OK, getting better! The more terms we use the closer we get.
Using "2^n/fact(n)" and n=0 to 10 in the Sigma Calculator we get 7.38899...
What do you get with n=0 to 20?
Here are some common Taylor Series:
Taylor Series expansion | As Sigma Notation | |
(There are many more.)
Approximations
We can use the first few terms of a Taylor Series to get an approximate value for a function.
Here we show better and better approximations for cos(x). The red line is cos(x), the blue is the approximation (try plotting it yourself) :
1 − x^{2}/2! | |
1 − x^{2}/2! + x^{4}/4! | |
1 − x^{2}/2! + x^{4}/4! − x^{6}/6! | |
1 − x^{2}/2! + x^{4}/4! − x^{6}/6! + x^{8}/8! |
You can also see the Taylor Series in action at Euler's Formula for Complex Numbers.
What is this Magic?
How can we turn a function into a series of power terms like this?
Well, it isn't really magic. First we say we want to have this expansion:
f(x) = c_{0} + c_{1}(x-a) + c_{2}(x-a)^{2} + c_{3}(x-a)^{3} + ...
Then we choose a value "a", and work out the values c_{0} , c_{1} , c_{2} , ... etc
And it is done using derivatives (so we must know the derivative of our function)
Quick review: a derivative gives us the slope of a function at any point.
These basic derivative rules can help us:
- The derivative of a constant is 0
- The derivative of x is 1
- The derivative of x^{n} is nx^{n-1} (Example: the derivative of x^{3} is 3x^{2})
We will use the little mark ’ to mean "derivative of".
OK, let's start:
To get c_{0}, choose x=a so all the (x-a) terms become zero, leaving us with:
f(a) = c_{0}
So c_{0} = f(a)
To get c_{1}, take the derivative of f(x):
f’(x) = c_{1} + 2c_{2}(x-a) + 3c_{3}(x-a)^{2} + ...
With x=a all the (x-a) terms become zero:
f’(a) = c_{1}
So c_{1} = f’(a)
To get c_{2}, do the derivative again:
f’’(x) = 2c_{2} + 3×2×c_{3}(x-a) + ...
With x=a all the (x-a) terms become zero:
f’’(a) = 2c_{2}
So c_{2} = f’’(a)/2
In fact, a pattern is emerging. Each term is
- the next higher derivative ...
- ... divided by all the exponents so far multiplied together (for which we can use factorial notation, for example 3! = 3×2×1)
And we get:
f(x) = f(a)_{} + \frac{f'(a)}{1!}(x-a) _{} + \frac{f''(a)}{2!}(x-a)^{2} + \frac{f'''(a)}{3!}(x-a)^{3} + ...

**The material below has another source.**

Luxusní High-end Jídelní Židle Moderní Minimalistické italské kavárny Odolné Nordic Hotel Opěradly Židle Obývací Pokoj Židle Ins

Now we have a way of finding our own Taylor Series:
For each term: take the next derivative, divide by n!, multiply by (x-a)^{n}
Example: Taylor Series for cos(x)
Start with:
f(x) = f(a)_{} + \frac{f'(a)}{1!}(x-a) _{} + \frac{f''(a)}{2!}(x-a)^{2} + \frac{f'''(a)}{3!}(x-a)^{3} + ...
The derivative of cos is −sin, and the derivative of sin is cos, so:
- f(x) = cos(x)
- f'(x) = −sin(x)
- f''(x) = −cos(x)
- f'''(x) = sin(x)
- etc...
And we get:
cos(x) = cos(a) _{}− \frac{sin(a)}{1!}(x-a) _{} − \frac{cos(a)}{2!}(x-a)^{2} + \frac{sin(a)}{3!}(x-a)^{3} + ...
Now put a=0, which is nice because cos(0)=1 and sin(0)=0:
cos(x) = 1 _{}− \frac{0}{1!}(x-0) _{} − \frac{1}{2!}(x-0)^{2} + \frac{0}{3!}(x-0)^{3} + \frac{1}{4!}(x-0)^{4} + ...
Simplify:
cos(x) = 1 − x^{2}/2! + x^{4}/4! − ...
Try that for sin(x) yourself, it will help you to learn.
Or try it on another function of your choice.
The key thing is to know the derivatives of your function f(x).
Note: A Maclaurin Series is a Taylor Series where a=0, so all the examples we have been using so far can also be called Maclaurin Series.